=== Problem requirements ===
Print out all of the records exactly; no picture belongs in the result.

######

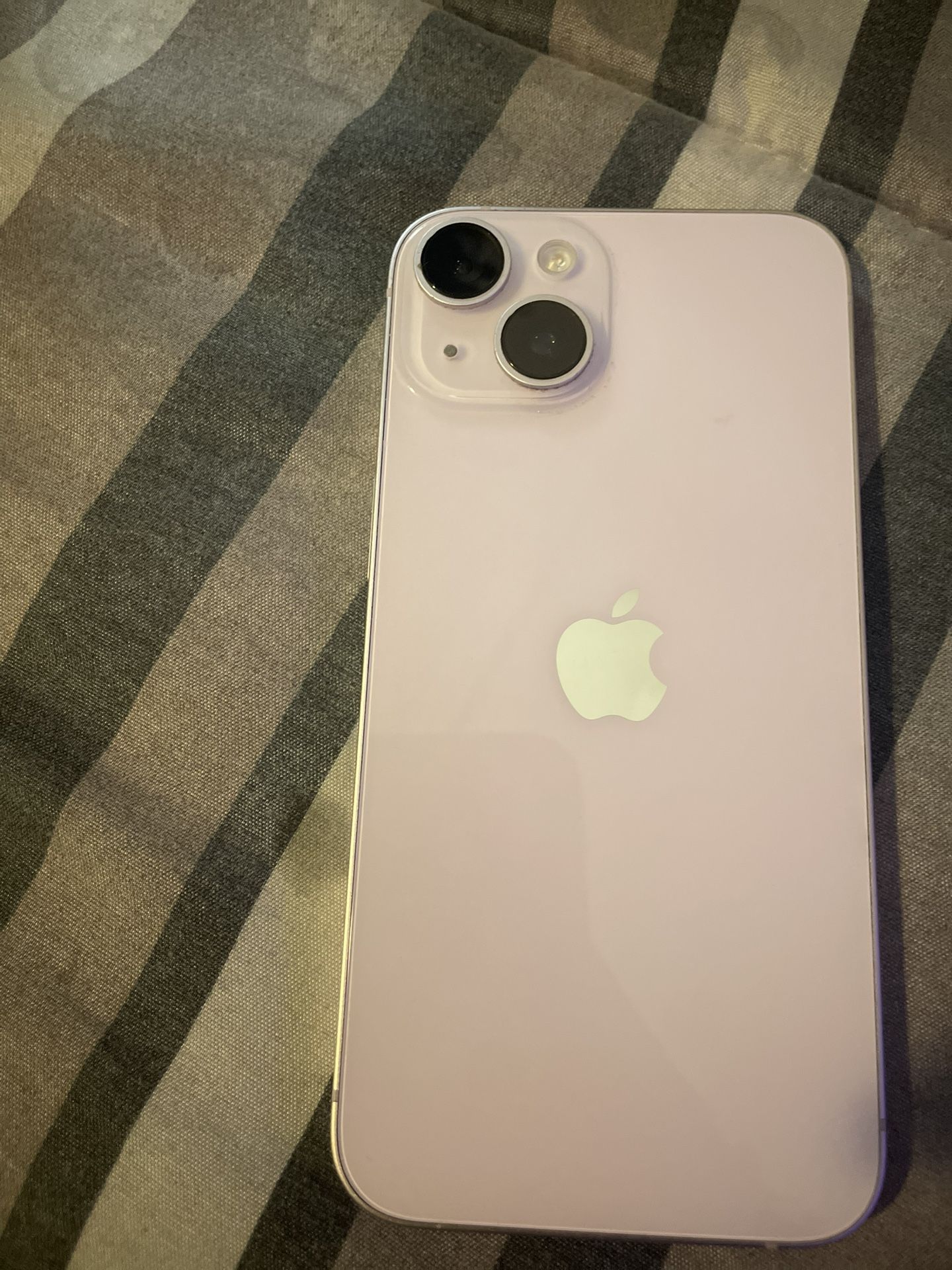 iPhone 14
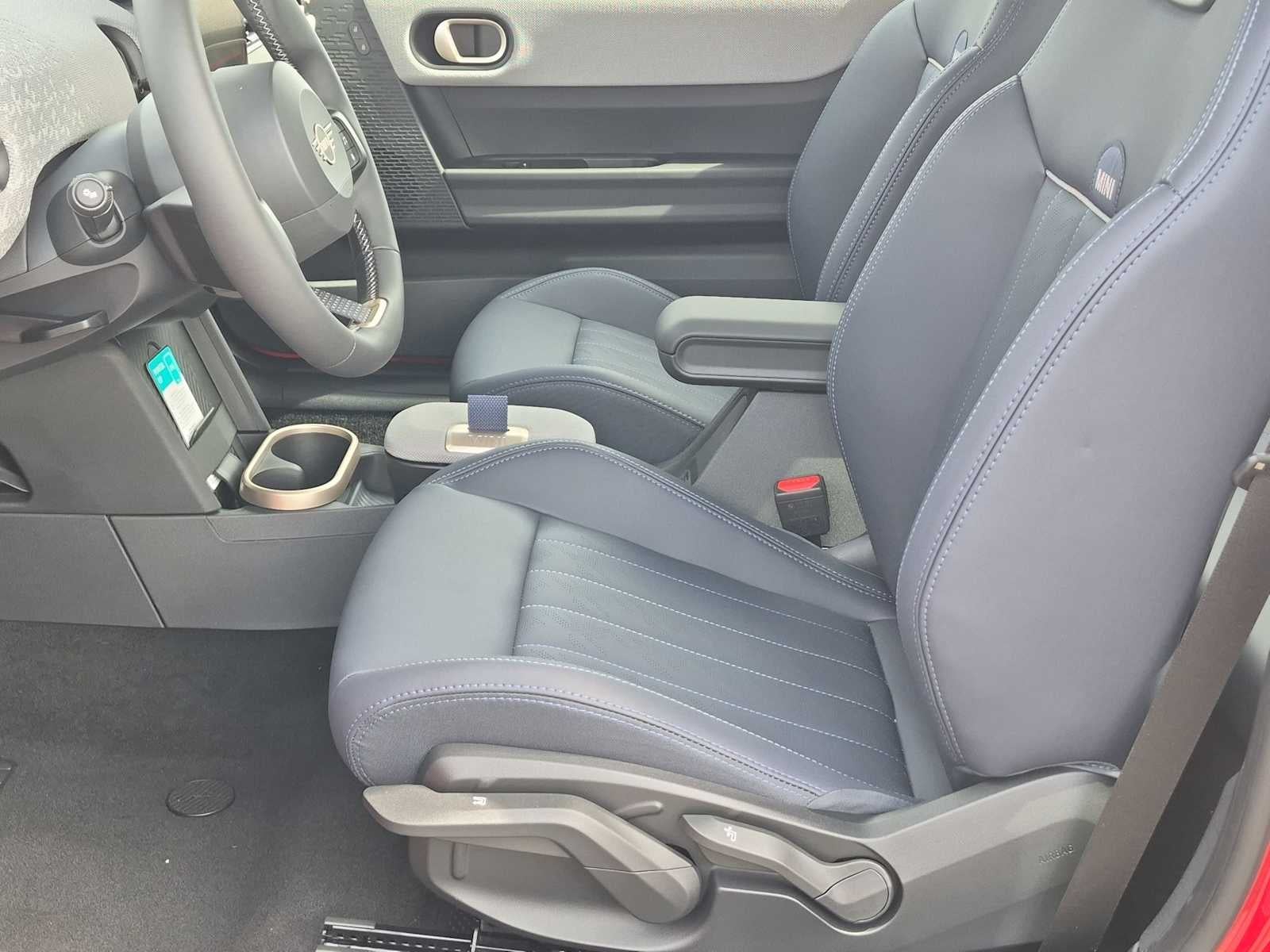 MINI 2 PUERTAS SIGNATURE PLUS 2027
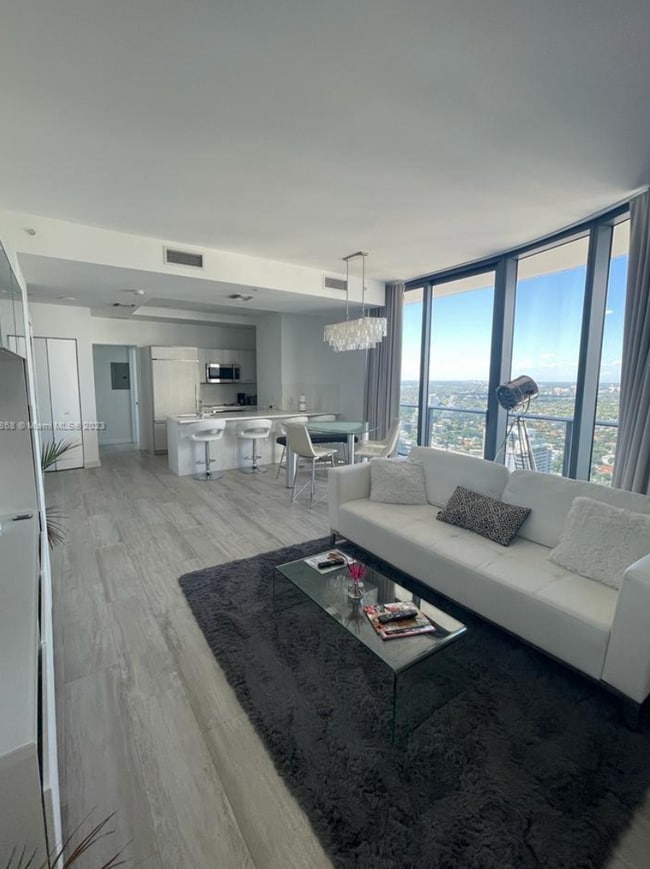 Foto del edificio - Remarks:	Enjoy stunning Skyline and Bay vi...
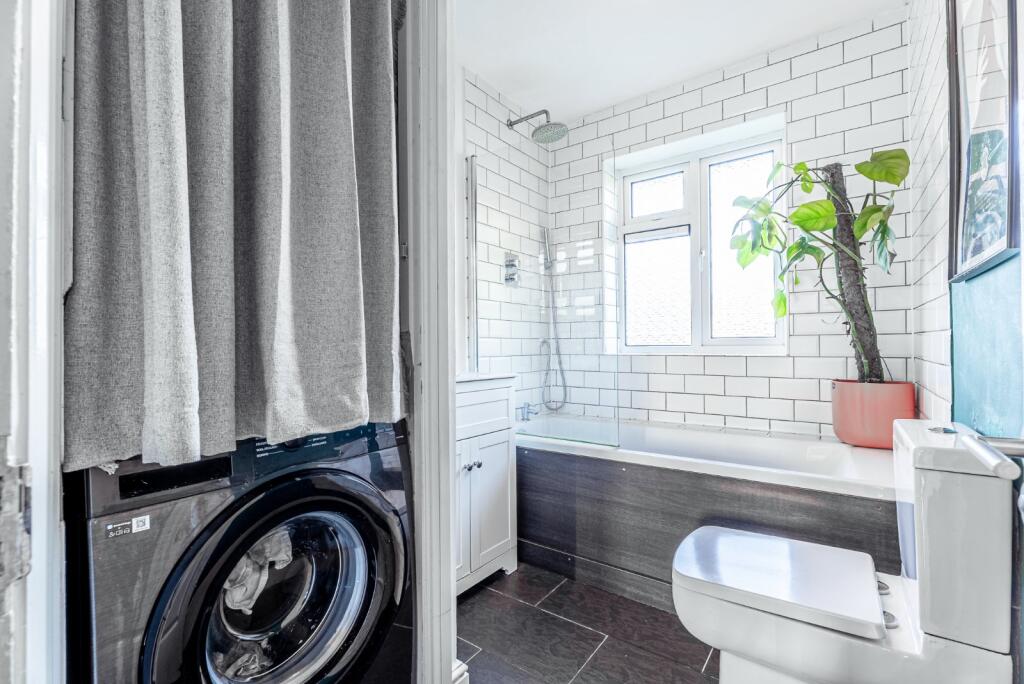 Additional image 10 of Deacon Close, St. Albans, Hertfordshire, AL1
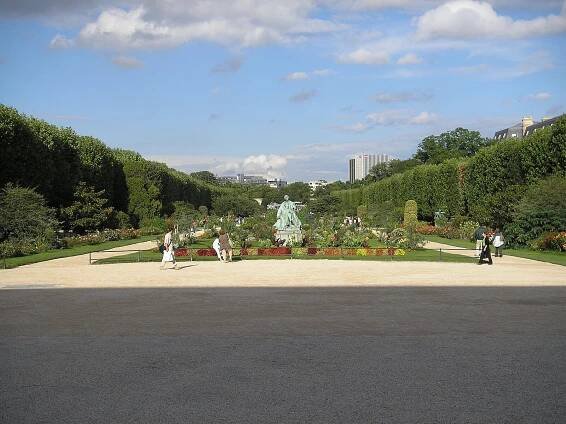 Soubor:Jardin des plantes Paris Aug 2006 006.jpg
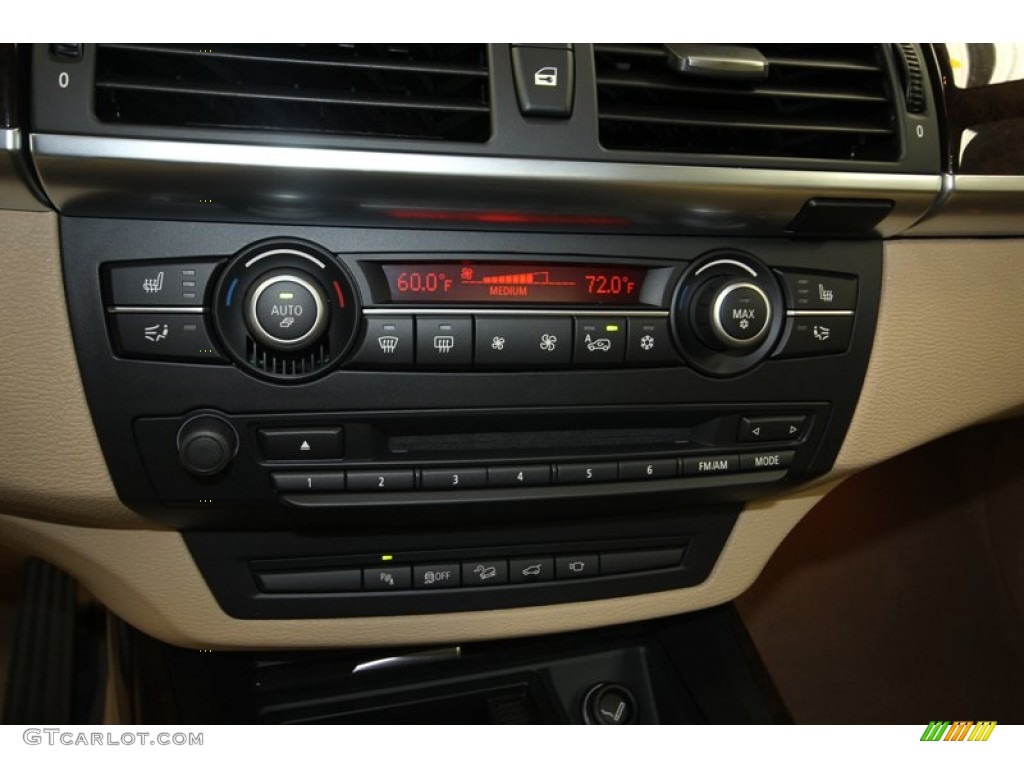 2013 X5 xDrive 35i Premium - Alpine White / Sand Beige photo #20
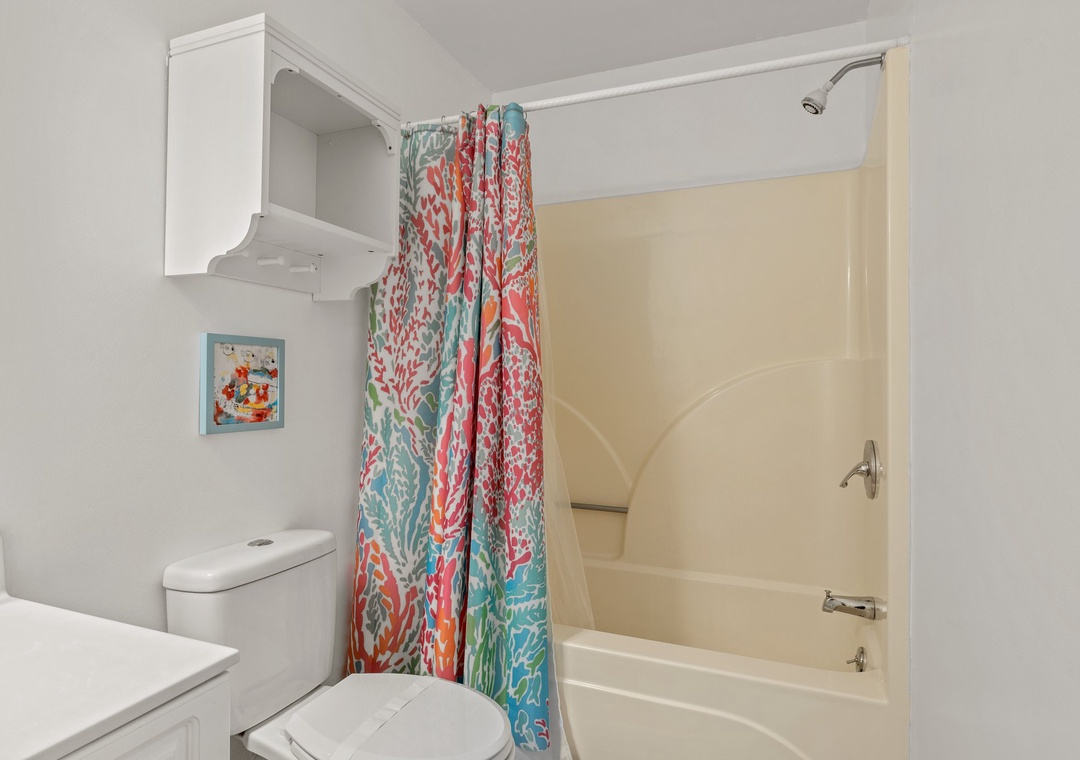 2 attached bathroom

######

=== Exercise solution ===
 iPhone 14
 MINI 2 PUERTAS SIGNATURE PLUS 2027
 Foto del edificio - Remarks:	Enjoy stunning Skyline and Bay vi...
 Additional image 10 of Deacon Close, St. Albans, Hertfordshire, AL1
 Soubor:Jardin des plantes Paris Aug 2006 006.jpg
 2013 X5 xDrive 35i Premium - Alpine White / Sand Beige photo #20
 2 attached bathroom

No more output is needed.